Thank you GB for putting me out of my misery. – it was balderdash then and remains balderdash now. That is 3 hours of my life I will never get back.
I suppose Rajesh Khanna only did for to emulate Kamal Hassan. But while Tamil original managed to pull it off, the bollywood remake was just painful.
But hold the press – Wikepedia tells us the movie was remade in Japanese, Russian and Telegu!!
Red Rose is a ‘milestone’ movie in rajesh khanna’s career just like how Gunda is to Mithunda…also a career deining movie for master mayur, who finally ‘came of ages’ after this movie and stopped doing child roles as this movie made him a ‘man’…..satyen kappu and om shivpuri are the most underrated ham-actors of our times…..whattay film !!
the only thing mildly good about red rose is 2 RD Burman songs which are again not his greatest but just because the film is at some other level, the songs stand out.

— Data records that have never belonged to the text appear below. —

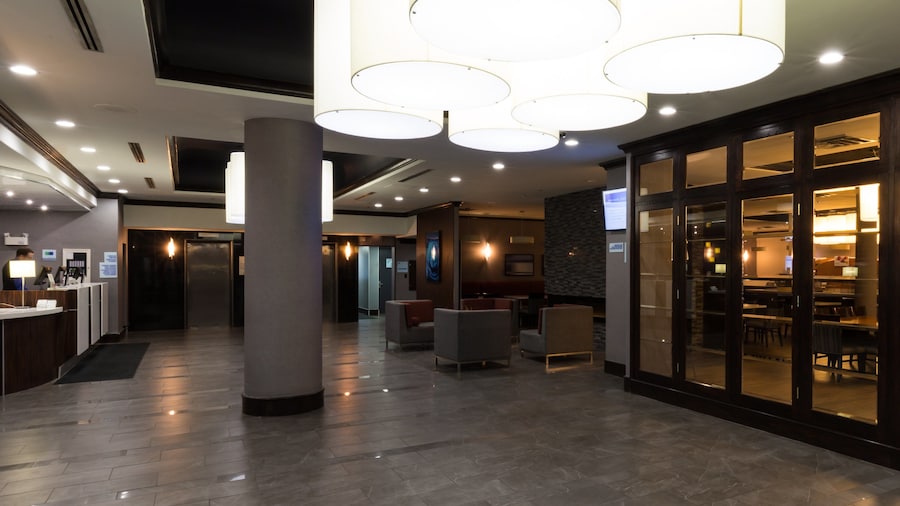 Holiday Inn Express Edmonton Downtown by IHG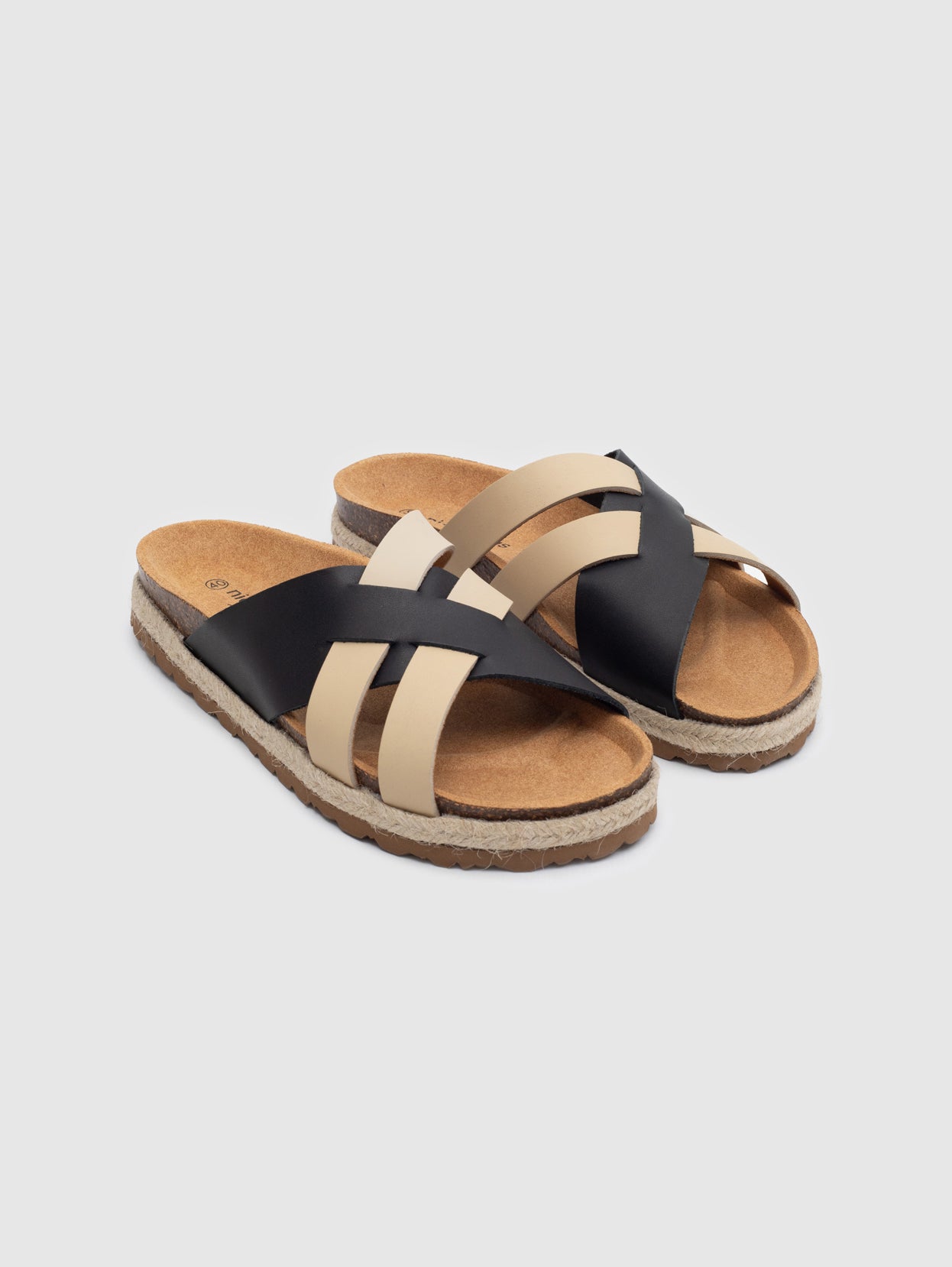 Two-tone organic sandals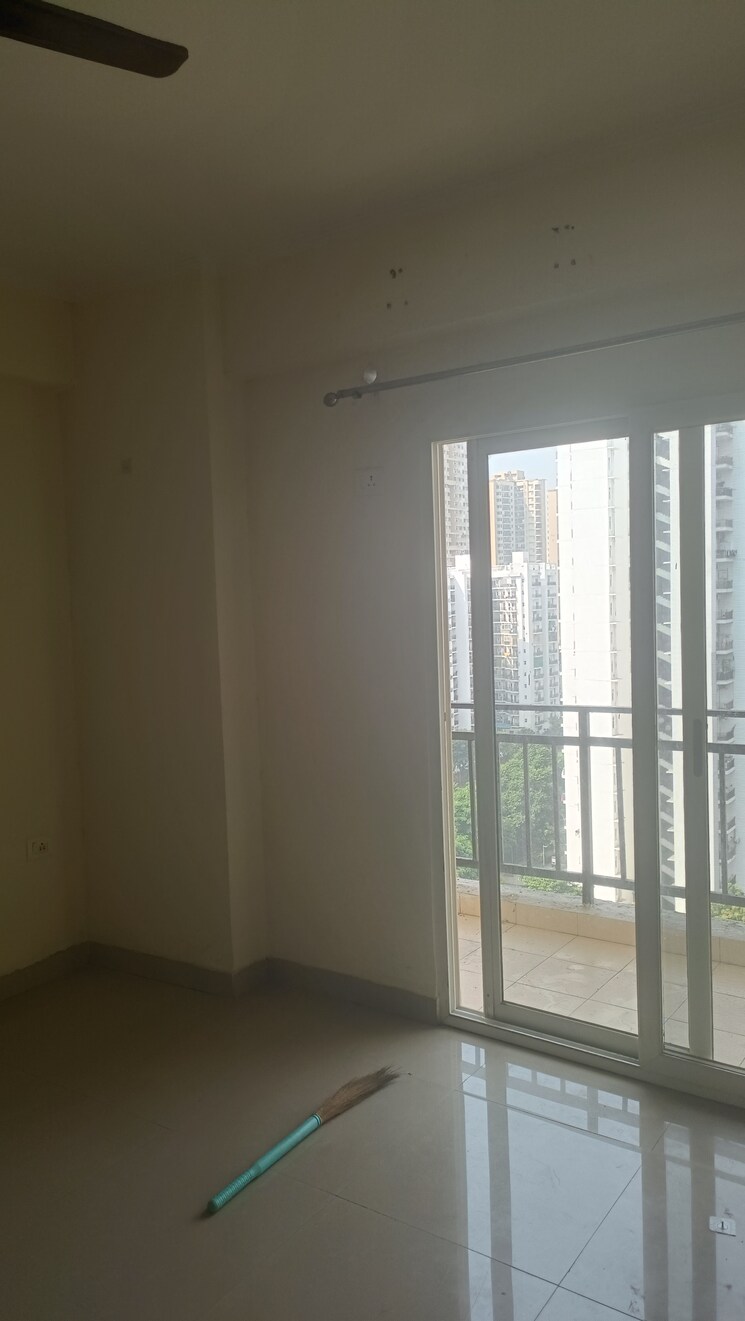 Room, gardenia-gateway 3 Bedroom 1595 Sq.Ft. Apartment In Sector 75 Noida 9293261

all in all an epic film ..a film which needs to be passed on from one generation to other…also this is one movie which is crying for a remake with new interpretations for this generation starring maybe SRK as only he can justify the psychotic killer role …
Vintage GB. Too good, specially the line from Gunda.
😀 Finally Gunda has competition. And a request to start ratings with your reviews.
IMO, desconstructing a Kaka movie is a futile exercise. One enjoys it solely for Kishore Kumar – RDB songs. Just listen to the opening “santoor” strings in “Kiski Sadayein” – Total paisa vasool
But you didnt decipher the end of the blouse unhooking scene, where the innocent Mayur is getting punched on his back by the his maalik, as he looks at the “daughter of the house” making silent gestures with her left ugly toe by moving it left and right and left and right. What was that about? 🙂
The title track by RD Burman is awesome. Pyschedelia at its best,
Outstanding review. Vintage Greatbong.
PS: As a lot of people have pointed out, this is an RD Burman movie. Kiski sadayen still gives me goosebumps, a quarter of a century after I had heard the song for the first time.
Curious… Why this movie… Now?
can see it here. https://www.youtube.com/watch?v=4PabYs2sm1k
“It will shake your core beliefs, tie your mind in knots..”
what beliefs ?
Wait, I have to watch that movie first…
The movie made me look at bras in an entire new light. Satyen Kappu was brilliant here, in fact, I should see this one again.
The kind of article that got me hooked on to RTDM. But you know what Arnab- if I had seen the Jeetendra post in the beginning, I probably would not have visited your blog again. Glad you didn’t do GIFs back then.
“lush black chest vegetation” ROFLOL
SC defines woman’s modesty. Does it apply to an ex …like pulling hand ?? http://timesofindia.indiatimes.com/india/SC-defines-what-is-a-womans-modesty/articleshow/1785567.cms
“A rack full of bras..” Hilarious 🙂
Well written. I watched it as part of my late night curriculum broadcasted by local channel wallah. Turned out to be a absolute waste compared to Jain TV Saturday nights.
I had this impression that first scene of the movie had Kaka beating up an eve teaser with a radio antenna that he pulled out of his sleeve, only to take the damsel in distress for his own amusement.
Rajesh khanna had the guts to do such a role. He was menacing & romantic at the same time. The movie would have done well but had to be removed from theatres due to protests from women’s organisations.
A film than shows what an excellent actor RK was. The film is disturbing and it is meant to be so. Not for the faint hearted but what a film. May be it will be appreciated in its right perspective today.